Is the NUS 'difference' racist?
In my experience, May is rarely a happy time on university campuses. Students are gearing-up for their end-of-year exams. Teachers are putting the final touches to the assessments their students will face - the ominous lull before the inevitable storm.
Administrators are preparing to implement next year's budgets. In Israel, May is the season in which university boards of governors customarily meet; this year's round of meetings has been characterised by an understandable but misplaced unwillingness on the part of some governing boards to face up to issues relating to academic "boycotters" and how to deal with them.
And May is also the season of student conferences.
On the face of it, last week's decisions by the National Union of Students' executive to build links with the Islamic University of Gaza, "twin" British student unions with Palestinian universities, demand the "right of return" for "all" Palestinian Arab refugees, and book tickets for British students on future Gaza blockade-running cruises sound frankly menacing.
No reputable insurance company will agree to underwrite such a risk
What do they tell us about the weltanschauung of members of this executive?

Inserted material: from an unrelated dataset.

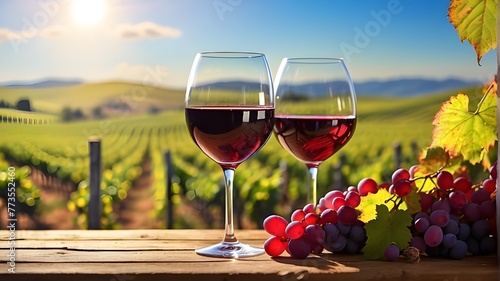 Glass of wine with red wine poured and a sunny vineyard scene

Does the executive really understand what it has done?
Let's begin with the Islamic University of Gaza. This seat of learning was established by the late Sheikh Ahmed Yassin, one of the founders of Hamas and in his day a leading purveyor of Islamic fundamentalism. His oft-quoted demand - that "Israel, as the Jewish state, must disappear from the map"- might be taken as the mission statement of the university, which is little more than an intellectual training ground for Hamas and its operatives.
Even on the most liberal interpretation of the word "university", I have my doubts that IUG genuinely qualifies for this description, because its teachers seem to peddle as learning what most of us would regard as out-and-out racism.
Thus, for instance, Dr Ibrahim Al-Sinwar, who lectures at IUG on Islamic history, reportedly told Al-Aqsa TV in July 2009 that the ancient Egyptians had the right to force the Jews into slave labour because "the mentality of the Jews… is the mentality of people who like to have others work for them, and provide them with wealth, without any effort." In any authentic university, a faculty member who gave public vent to such an utterance would be immediately suspended or at least publicly disowned. But not at IUG. Yet this is the academy with which the NUS wishes to "build links."
As for "twinning" British student unions with other Palestinian universities, this sounds admirable. But the NUS needs to take care that the ethos of these institutions complements that to be found at British universities. A number of UK academies have partnership agreements with al-Najah university (Nablus). This institution notoriously promoted a student exhibition extolling the Jerusalem pizza parlour bombing of 2001, in which 15 people were murdered and tens of others wounded.
The display featured scattered pizza slices interspersed with representations of the body parts of murdered Jews. Presumably, the NUS is quite happy for its members to "twin" with an institution promoting such violent racism.
In voting for the "right of return" for "all" refugees, the members of the NUS executive know very well that this is tantamount to demanding the destruction of the Jewish state, which is, again, a racist demand fuelled by a racist ideology.
But what are we to make of the resolve "to send an NUS delegation on convoys to the Gaza strip?"
Before any British university sends any of its personnel anywhere - especially anywhere abroad -it is legally required to carry out comprehensive health-and-safety assessments, and to ensure that proper insurances are in place.
If it does not, and some harm then befalls an employee or student, it is civilly and criminally liable. With that in mind, I do wonder what on earth the brothers and sisters of the NUS think they might be doing sending an official "delegation" on a blockade-breaking convoy.
As we read in last week's JC, Lloyds has made it clear that it will refuse or cancel the insurance of vessels attempting to aid the Hamas regime in Gaza. I cannot imagine any reputable travel-insurance company agreeing to underwrite such a risk.
The recent decisions of the NUS executive are, in short, racially prejudiced in intent and effect - and irresponsible into the bargain. Is this what the NUS means by its claim to make "a real difference to the lives of students and its member students' unions"?